From these small urban bases, the forces loyal to Saddam Hussein have been able to harass U.S. forces with mortar and artillery fire and to send out a stream of small attack teams against the 3rd Infantry, forcing it to engage in repeated skirmishes.
Typically, these attacks involve small groups -- sniper teams of two or three men, or larger teams of as many as 20 or more vehicles manned by fighters with AK-47s, mounted machine guns and rocket-propelled grenades. And typically, the attackers have been swiftly defeated. Third Division combat units have killed at least 300 to 400 Iraqi soldiers and irregulars and have captured as many prisoners. Air Force support and counter-battery artillery routinely have been able to take out the Iraqi guns soon after they expose themselves by firing.
But, in an important sense, the attacks have worked. As Col. William Grimsley, commander of the 1st Brigade, put it, "They are diffusing some of our attention, causing us to fight them instead of focusing all our attention on our larger objective."
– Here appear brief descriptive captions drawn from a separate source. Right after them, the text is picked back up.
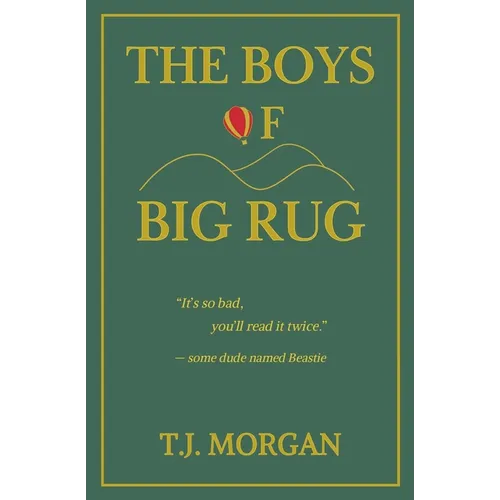 The Boys of Big Rug - Paperback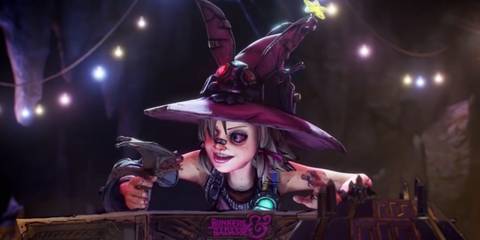 Rumor: Unannounced Tiny Tina's Wonderlands Game Canceled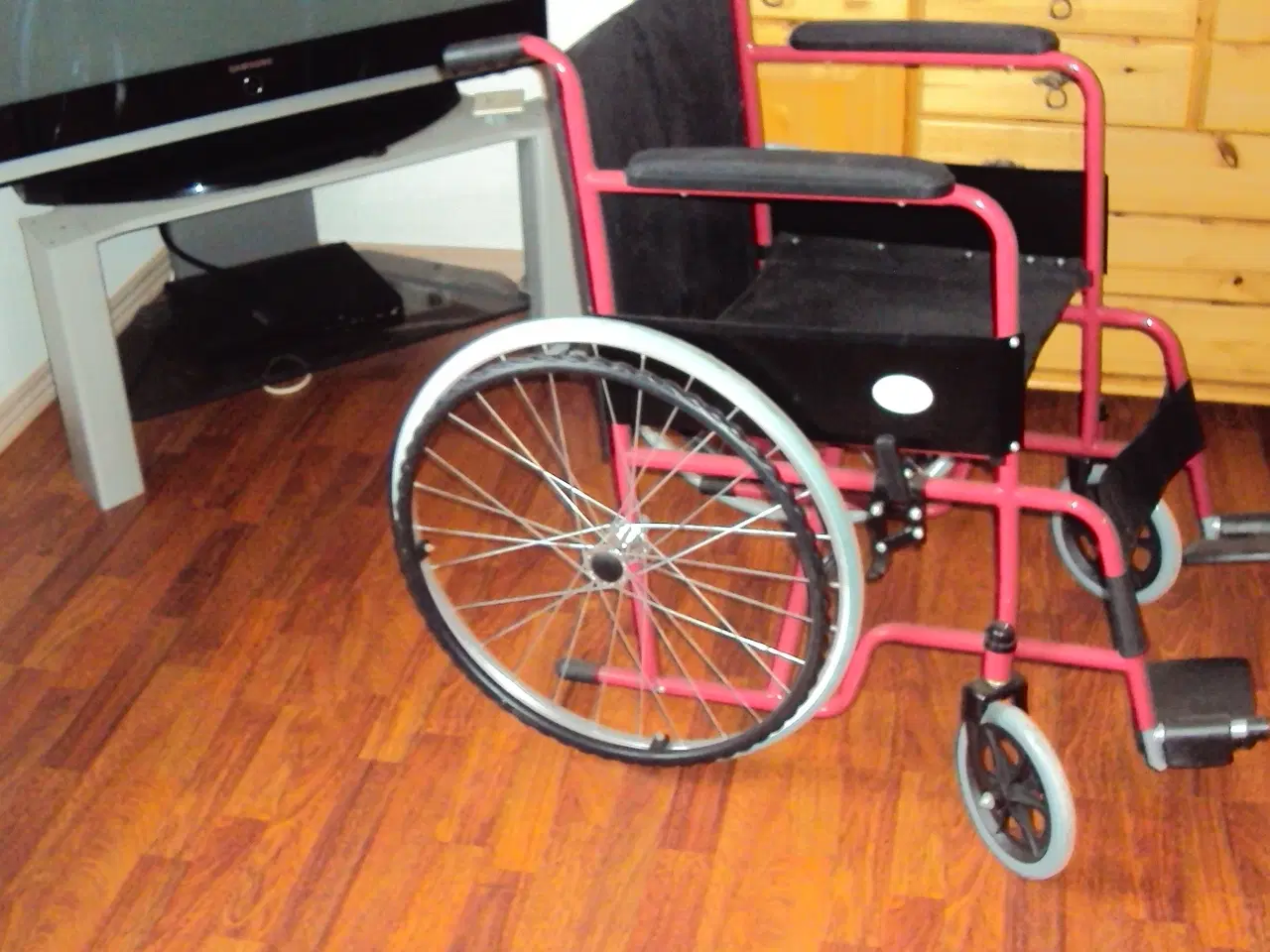 Billede 2 - kørestol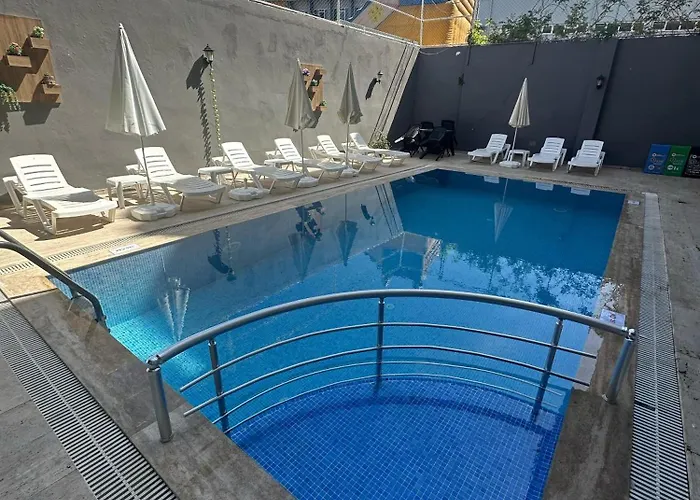Hotel Alanya Hotel 3*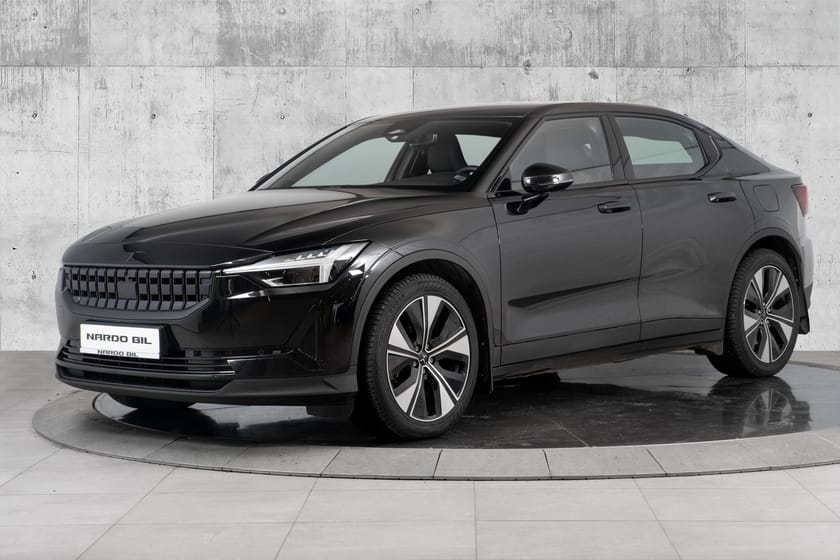 Bilde 5 av Polestar 2 Long Range Dual Motor 408 hk. Rentekampanje på brukt Polestar! fra 2,99%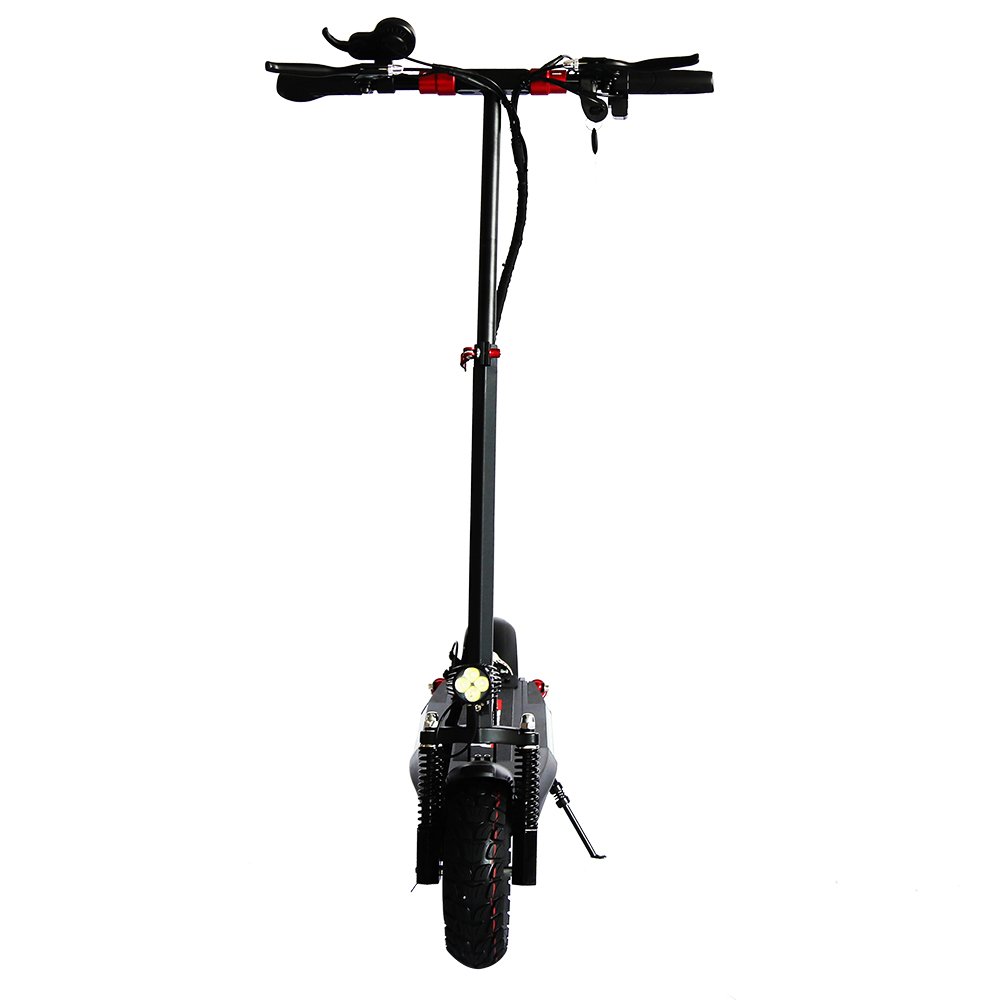 Electric Scooter with Li-Ion Battery Foldable Lightweight High Speed Adult Commuting Rechargeable Motorized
The division commander, Maj. Gen. Buford Blount, is candid about the threat. "The Baath Party is very well organized and very active with a lot of forces in Najaf and Samawah," he said in an interview Monday night. "And they are capable of responding fluidly to us."
It has always been the hope of the American war planners to avoid Iraq's cities, so as to minimize both American and Iraqi casualties. But there are doubts. "I think these guys are going to keep coming out and harassing us," Blount said. "I think eventually we're going to have to go in there and kill them. I think we will have to kill them unless we can get rid of the top guy in Baghdad."